Estragon, the Wicked Smart Guy
Except Estragon isn’t actually a simpleton at all. Sure, he may be lacking in, shall we say, intellectual fortitude (he folds under his own questioning), but he has this habit of tossing out unbelievably profound comments as though they were nothing. But you probably want specifics. To start, look at the "let’s hang ourselves!" exchange in Act I. Estragon realizes right away that the bough might not support Vladimir. Though he asks Vladimir to "use [his] intelligence," he still ends up having to explain the situation to his friend.
More interesting than his foresight, however, is his understanding of the emotional significance of such a consequence: Vladimir would be worse off left alone than he would be dead.
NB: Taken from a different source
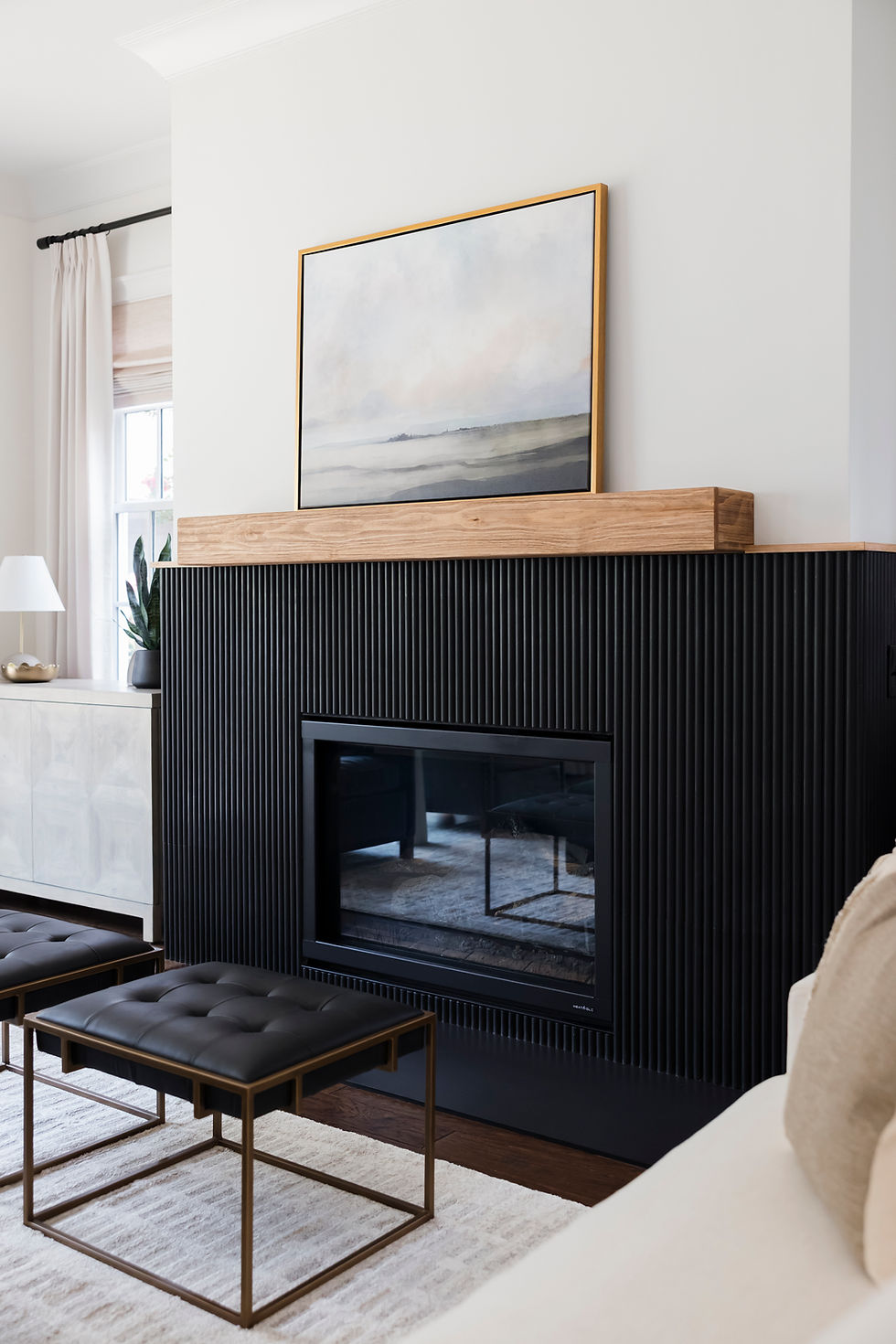 Modern living room with a black fireplace, a landscape painting above, two black stools, a white rug, and light curtains. Minimalist decor.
In Act II he wowed us with the "We’re all born mad; some remain so," and he displays his own unique reasoning when he asks Pozzo if, having gone blind, he can now see into the future (traits commonly linked in mythology). But Estragon totally takes the cake when he answers one of our biggest questions about Waiting for Godot: why do he and Vladimir fill their time with silly activities and play-acting? "We always find something," Estragon casually remarks in Act II, "to give us the impression we exist."
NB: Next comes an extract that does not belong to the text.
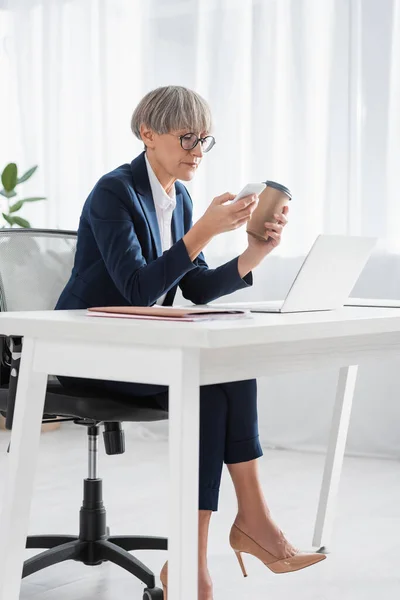 Middle aged team leader in glasses holding coffee to go while using smartphone near laptop on desk — Stock Photo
On top of these moments of profundity, Estragon gets credit for what we think of as the three encapsulating lines of Waiting for Godot. As far as we’re concerned, all the play’s action could be condensed in the following way: 1) "Nothing to be done" (also the opening line of the play), 2) "Nothing is certain," and 3) "Nothing happens, nobody comes, nobody goes, it’s awful!" (By the way, is it coincidence that all three of these start with "Nothing?")
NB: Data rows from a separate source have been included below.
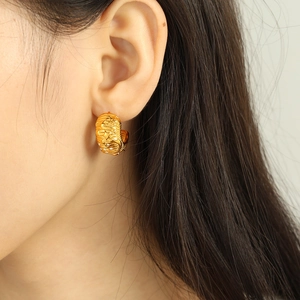 Vintage 18K gold plated C-shaped hoop earrings with star moon rhinestones on model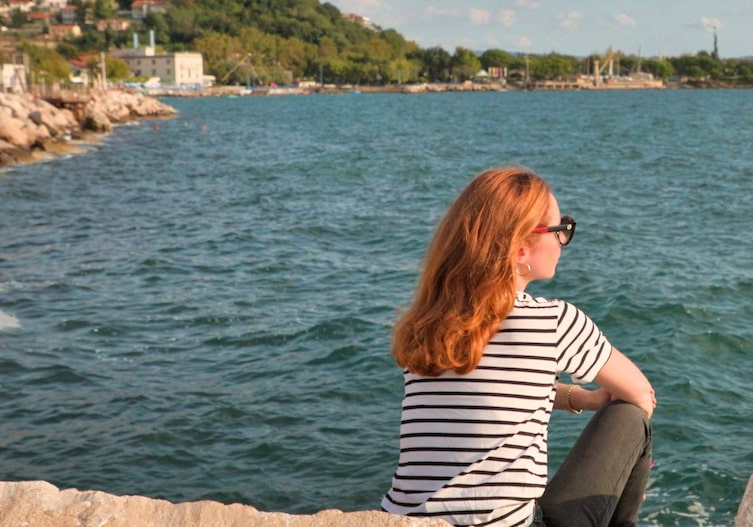 Eine Frau mit langem roten Haar sitzt mit dem Rücken zur Kamera am Meer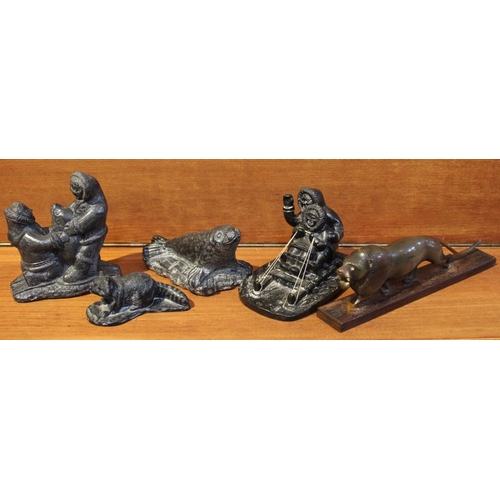 234 - A collection of four Inuit carved figures & a carved horn lion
And while we’re on the topic, there’s one more interesting "nothing" line to look at, also courtesy of Estragon: "Don’t let’s do anything. It’s safer." The point is, thematically, this is one of the most important lines in the play. What we were saying is, Estragon’s line justifies his and Vladimir’s inability to choose to act by claiming that doing nothing at all is safer. If you never act, you can never act wrong, and if you never choose, you can never choose incorrectly. The problem is, as a very wise and famous person once said, we choose even when we do not choose; we choose by not choosing. Doing nothing is as unsafe as doing something. And that’s bad news for Estragon.
Estragon, Godot, and Religion
Did you notice that Vladimir seems to be the connection to Godot, whereas Estragon is along for the ride? Gogo has to be constantly reminded that they’re waiting for Godot, and he has to ask repeatedly who Godot is, what he looks like, etc. It could be that, again, the man is cerebrally challenged. He doesn’t have the intellectual capacity to think about Godot or religion the way that Vladimir does.
But the other possibility is that he has the same profundity when it comes to religion that we’ve seen elsewhere in the play. Just look at his comment on the Bible in response to Vladimir’s inquiry. On the one hand, Estragon looked at the pictures rather than reading the gospels (child-like simplicity). On the other hand, he speaks of "the Holy Land" with a deep emotional understanding of what awaits him in a heaven-like afterlife: "That’s where we’ll go," he says, "we’ll be happy." Notice that Vladimir is bogged down in the logistical inconsistencies from gospel to gospel; more about that later.